Opinion
89-1301.
October 26, 1990.
Appeal from the Circuit Court, Madison County, No. CV-88-2381, Joseph L. Battle, J.
Marcella A. Mathis, Birmingham, for appellant.
De Martenson and Christopher S. Rodgers of Huie, Fernambucq Stewart, Birmingham, for appellee.
The plaintiff in this case, Marcella A. Mathis, sued General Motors Corporation ("G.M."), alleging defective design of the rear window of the trucks it manufactures. This action followed the death of her husband as a result of a single-vehicle accident. The trial judge entered summary judgment in favor of G.M. after it offered affidavits indicating that the design of the truck window was reasonably safe for its intended use, and that the truck met all of the applicable Federal motor vehicle safety standards when it left the G.M. plant. We affirm.

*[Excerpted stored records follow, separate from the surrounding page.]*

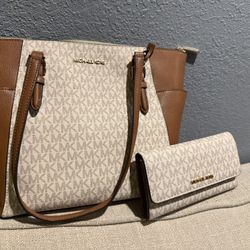Michael Kors Purse & wallet 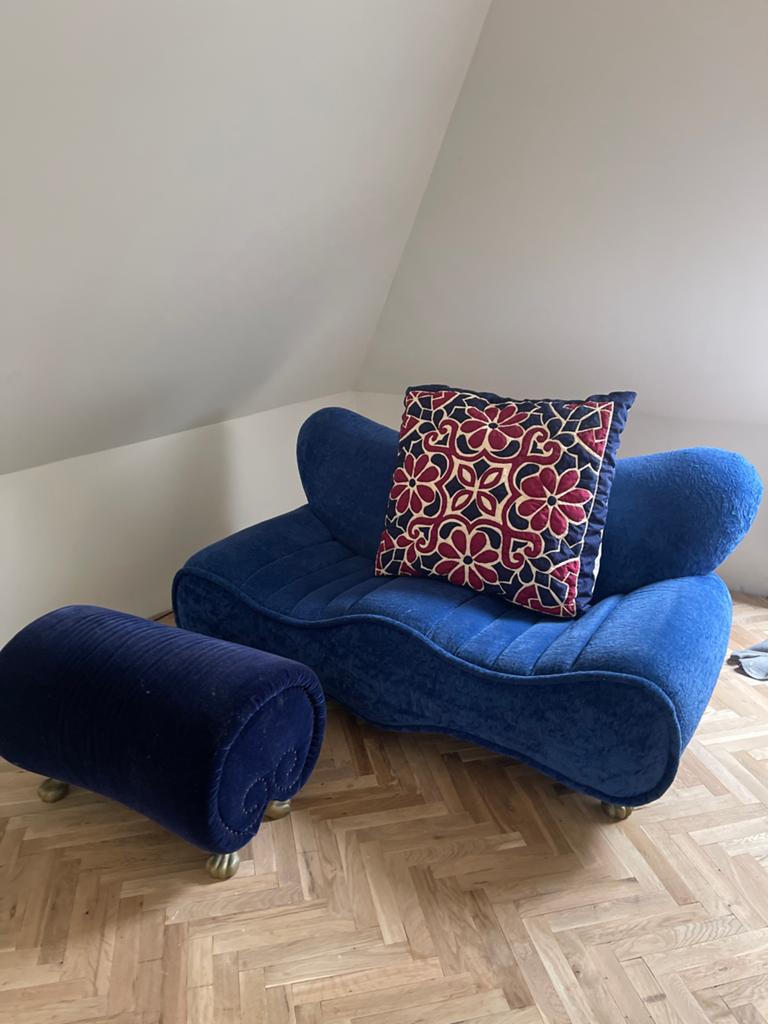 Bretz blauwe fluwelen bank met poef, Ophalen, Gebruikt, Eenpersoons, 75 tot 100 cm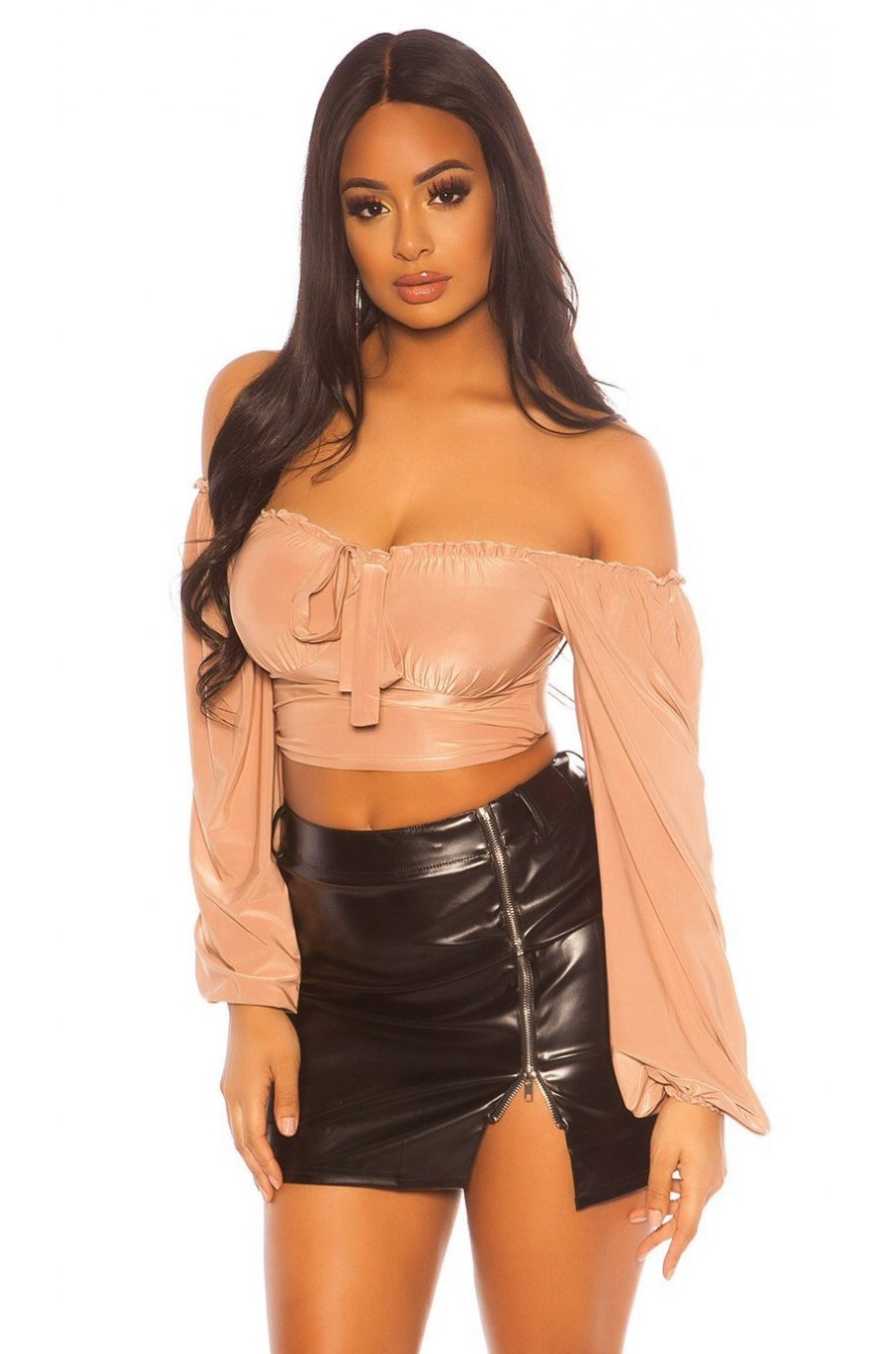 Crop top dama cappuccino cu umerii goi LatinaLook Crop top dama cappuccino cu umerii goi LatinaLook 1 - jojofashion.ro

The decedent, Willie A. Mathis, was driving a 1978 GMC 3/4-ton pickup truck when, according to the complaint filed by Mrs. Mathis, he had a seizure that threw his head backward into the rear window and caused him to lose control of his truck. Mrs. Mathis contends that as a result of the impact with the rear window her husband wrecked the truck and was injured and was in a coma until his death. Mrs. Mathis alleged that the design and placement of the rear window were defective. Although G.M. offered two affidavits, which were sufficient to make a prima facie showing that the design was not defective, Mrs. Mathis offered nothing concerning the allegedly defective design of the window other than her own allegations thereof. This is simply not the "substantial evidence" required to withstand a properly supported motion for summary judgment. Therefore, the summary judgment was proper. See Rule 56, A.R.Civ.P.
Mrs. Mathis further contends that the trial judge erred in denying her motion to alter, amend, or vacate the judgment pursuant to Rule 59(e), A.R.Civ.P. We have examined the record and conclude that there was no abuse of discretion on the part of the trial judge in denying that motion.
For the foregoing reasons, the judgment is hereby affirmed.
AFFIRMED.
HORNSBY, C.J., and MADDOX, ALMON, ADAMS and STEAGALL, concur.